Film Review - Silent Friend
Images courtesy of Hi Gloss Entertainment.
Charting the collision between academia and spirituality over the course of 100 years, Hungarian auteur Ildikó Enyedi’s Silent Friend is an enthralling study of both scientific and personal discovery. Its triptych structure mixes formats, time periods and performers including arthouse legends Tony Leung and Léa Seydoux. What emerges is a thoughtful and unpretentious appeal for ecological care and collaboration.

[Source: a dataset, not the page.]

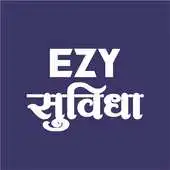 Free play online Ezy Suvidha APK Free play online Ezy Suvidha APK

Set in and around the German university town of Marburg, Silent Friend chronicles the journeys of three different characters struggling with social alienation. Shot on 35mm black-and-white film by cinematographer Gergely Pálos, one narrative thread follows Greté (Luna Wedler), who struggles with academic misogyny in 1908 as the first woman admitted into the University. Another follows Hannes (Enzo Brumm), an introvert witnessing the free-love counterculture of the ’70s in grainy 16mm. And in modern day digital footage, Leung gives a wry and understated performance as a visiting Hong Kong scientist trapped on campus during COVID-19 lockdown.
As wildly disconnected as these storylines initially seem, common ground is found in each lead’s personal connection to plant life – through photography, housekeeping and scientific experimentation respectively. In keeping with lengthy botanical lifespans, social and scientific progress is measured in centuries rather than seconds. So naturally, there is only one recurring character across all three timelines – the enormous ginkgo tree at the center of the university, which gradually undergoes its own transformational arc.

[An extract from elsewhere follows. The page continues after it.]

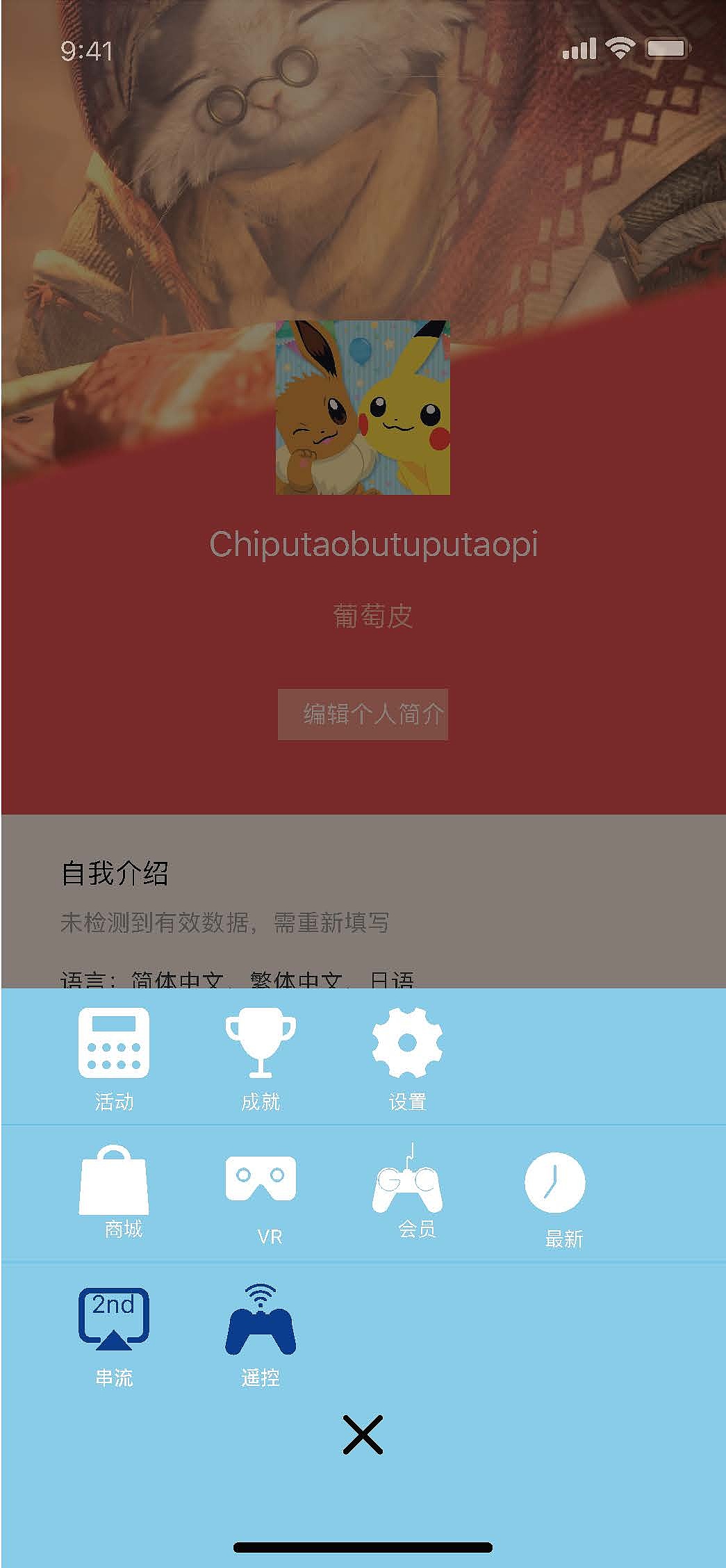 Gamer club 手机APP界面设计（图ZMTg5NzY3MTMy） - APP界面 - 站酷设计师Ruby_已被占用原创素材 - 站酷ZCOOL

To fully appreciate Silent Friend, it’s necessary to accept its ground-level pitch that plants aren’t just alive, but fully sentient and emotionally attuned to human life. Thankfully, Enyedi handles the high concept with enough wit and humility to ground its heady fantasy. Early on, Leung’s character compares the results of his neurological studies to being ‘high all the time’ and Silent Friend quickly achieves this promised psychedelic flow. Enyedi aims to instill her audience with the same curiosity as its protagonists, welcoming any and all forms of interpretation. It’s never too much of a chore to decode the cascade of visual echoes and motifs, as they’re in service of a fundamentally moving commentary on the different relationships we nurture – romantic, intellectual, symbiotic.
Many will be beholden to Wedler’s electric turn as a budding artist navigating her male-dominated field, while others may bask in the warmth of the sun-dappled ’70s segment and its playful send-up of the hippie movement. On this note, Silent Friend’s apoliticism feels frustratingly safe at times. It shares the centrist stance of another iconic anthology tale, Cloud Atlas, in its broad plea for globalised scientific cooperation over human infighting. Though this wide-eyed idealism can be somewhat grating, the film’s final shot is an undeniable feat of empathic filmmaking. Within the constraints of a single frame, Enyedi wordlessly ties together all her musings on loneliness, time and connection.